00:11Bom, inicialmente com o arsenal de majorações de alíquotas que foram feitos, que você até mostrou bem antes de a gente começar a falar,
00:21o efeito seria maior na parte de operações cambiais, principalmente porque as transferências, as remessas para fora do país,
00:33para fundos de investimentos, mesmo de pessoas físicas, seriam tributadas em 3,5%.
00:40Agora com o recuo do governo, menos.
00:43Mas é preciso lembrar as outras duas frentes da medida que vão afetar as empresas do setor real,
00:49porque você tem, por exemplo, um aumento da tributação via IOF para operações de antecipação de recursos de fornecedores ou de financiamentos,
00:59tem a questão do VGBL, os seguros do tipo VGBL, e tem as cooperativas que também passam a ser acima de 100 milhões tributadas nas suas operações.
01:12Então, não é uma medida simples e nem modesta, ela é bastante ampla e pode sim gerar distorções e efeitos sobre a economia
01:22e que nós ainda vamos precisar aguardar para avaliar esses desdobramentos.
01:27E quando a gente pensa também a médio prazo, pelo menos, a gente vê que uma medida como essa usando o IOF é uma espécie de remendo,
01:34porque, obviamente, a discussão sobre a justiça fiscal, ela é uma discussão legítima, mas ela requer mudanças estruturais, por exemplo, no imposto de renda.
01:43Mexer no IOF é muito mais fácil porque você consegue fazer rapidamente ali com o decreto e você não precisa dividir essa receita também com estados e municípios.

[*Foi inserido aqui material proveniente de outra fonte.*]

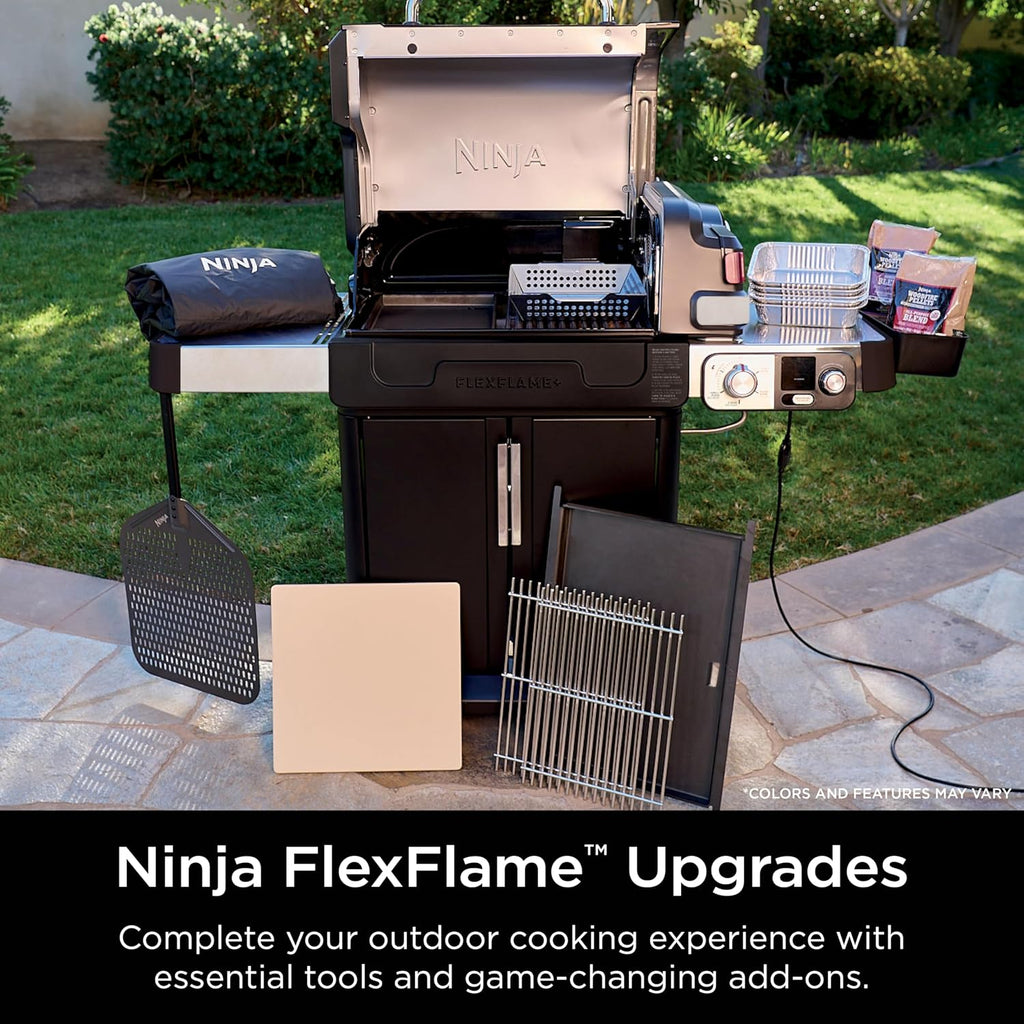 Ninja FlexFlame Half-Size Griddle with Grease Drain, XSKHLFGRIDLE | Rust-Resistant, Carbon Steel, Grill and griddle at once, fitting 6 smash burgers or 8 eggs.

01:53Tem razão, Marcelo, porque o imposto de renda e o IPI, por exemplo, você tem muito mais dificuldade de fazer mudanças como você fez ontem no IOF.

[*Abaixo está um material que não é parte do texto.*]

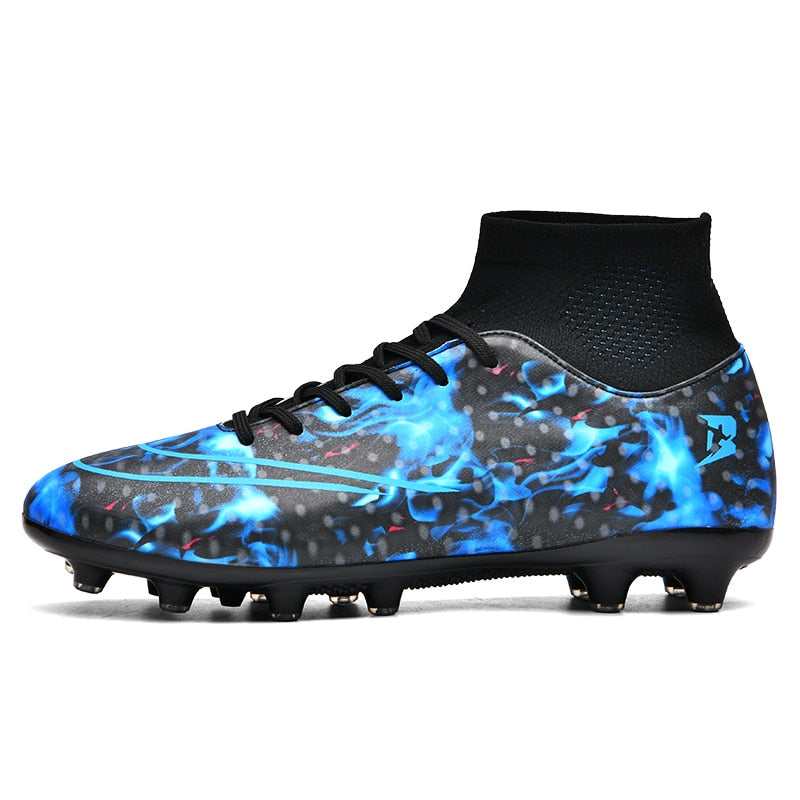 Men‘s High Top Soccer Shoes TF/FG Football Boots Cleats Non-Slip Wear-Resistant Grass Training Sneakers Outdoor Sport Footwears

02:02Fez ontem e já está valendo hoje, porque o IOF é para ser um imposto regulatório, só que ele está sendo usado para arrecadação.
02:11Então, isso, inclusive, é um problema constitucional, que se alguém levantar e entrar no Supremo, isso pode dar uma grande confusão.
02:18A forma como o governo acaba usando o IOF para arrecadar e não para fazer correções, ajustes de distorções, etc.
02:28É claro que se você olhar o discurso oficial, na coletiva de ontem e mesmo na fala do ministro Fernando Haddad hoje pela manhã,
02:36o foco é sempre, não, estamos fazendo isso para fechar as brechas, para equiparar as alíquotas e evitar distorções.
02:44Mas a gente sabe que o objetivo arrecadatório está muito claro aí, sobretudo nesse momento em que as contas públicas,
02:50eu não digo que estão ruins, mas elas estão muito aquém do necessário, Marcel,
02:57para que a gente consiga restabelecer as condições de sustentabilidade da dívida pública.
03:03Esse é que deveria ser o objetivo principal.
03:05E não uma gestão de apagar incêndios, que é o que, na verdade, nós estamos vendo.